Image Source: [OSU Geospatial Ecology of Marine Megafauna Laboratory](https://blogs.oregonstate.edu/gemmlab/2021/09/27/let-me-introduce-you-to-dugongs/)

### Demo: Dugongs

Visualize the relationship between a dugong's length and age based on the `dugong.csv` dataset.
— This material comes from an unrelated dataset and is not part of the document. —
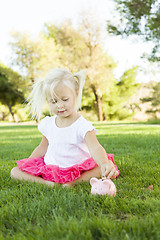 Image showing Little Girl Having Fun with Her Piggy Bank Outside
Although the data is not linear, calculate the correlation coefficient.

In [None]:
dugong = Table.read_table('data/dugong.csv')
dugong.show(5)

In [None]:
dugong.scatter('Length', 'Age')

In [None]:
correlation(dugong, 'Length', 'Age')

Visualize the residuals associated with the linear regression prediction for a dugong's age based on it's height.

In [None]:
plot_residuals(dugong, 'Length', 'Age')

### Residual Plot

A scatter diagram of residuals
* Should look like an unassociated blob for linear relations
* But will show patterns for non-linear relations
* Used to check whether linear regression is appropriate
* Look for curves, trends, changes in spread, outliers, or any other patterns


### Properties of residuals

Residuals from a linear regression always have
* Zero mean (so rmse = SD of residuals)
* Zero correlation with $x$
* Zero correlation with the fitted values

## A Measure of Clustering

### Correlation, Revisited

* "The correlation coefficient measures how clustered the points are about a straight line."
* We can now quantify this statement.


### SD of Fitted Values

* $\frac{\text{SD of fitted values}}{\text{SD of } y} = |r|$
* $\text{SD of fitted values} = |r| \times \text{SD of } y$

### Demo: A Measure of Clustering

Use the datasets to observe the relationship between the standard deviation of the fitted values and the standard deviation of the $y$ values.

In [None]:
def plot_fitted(t, x, y):
    tbl = t.select(x, y)
    tbl.with_columns('Fitted Value', fitted_values(t, x, y)).scatter(0)

In [None]:
plot_fitted(heights, 'MidParent', 'Child')

In [None]:
child_predictions_sd = np.std(fitted_values(heights, 'MidParent', 'Child'))
child_observed_sd = np.std(heights.column('Child'))
print(child_predictions_sd)
print(child_observed_sd)

In [None]:
child_predictions_sd / child_observed_sd

In [None]:
correlation(heights, 'MidParent', 'Child')

In [None]:
correlation(dugong, 'Length', 'Age')

In [None]:
dugong_prediction_sd = np.std(fitted_values(dugong, 'Length', 'Age'))
dugong_observed_sd = np.std(dugong.column(1))
dugong_prediction_sd / dugong_observed_sd

In [None]:
hybrid = Table.read_table('data/hybrid.csv')
hybrid.show(5)

In [None]:
plot_residuals(hybrid, 'acceleration', 'mpg')

In [None]:
correlation(hybrid, 'acceleration', 'mpg')

In [None]:
np.std(fitted_values(hybrid, 'acceleration', 'mpg'))/np.std(hybrid.column('mpg'))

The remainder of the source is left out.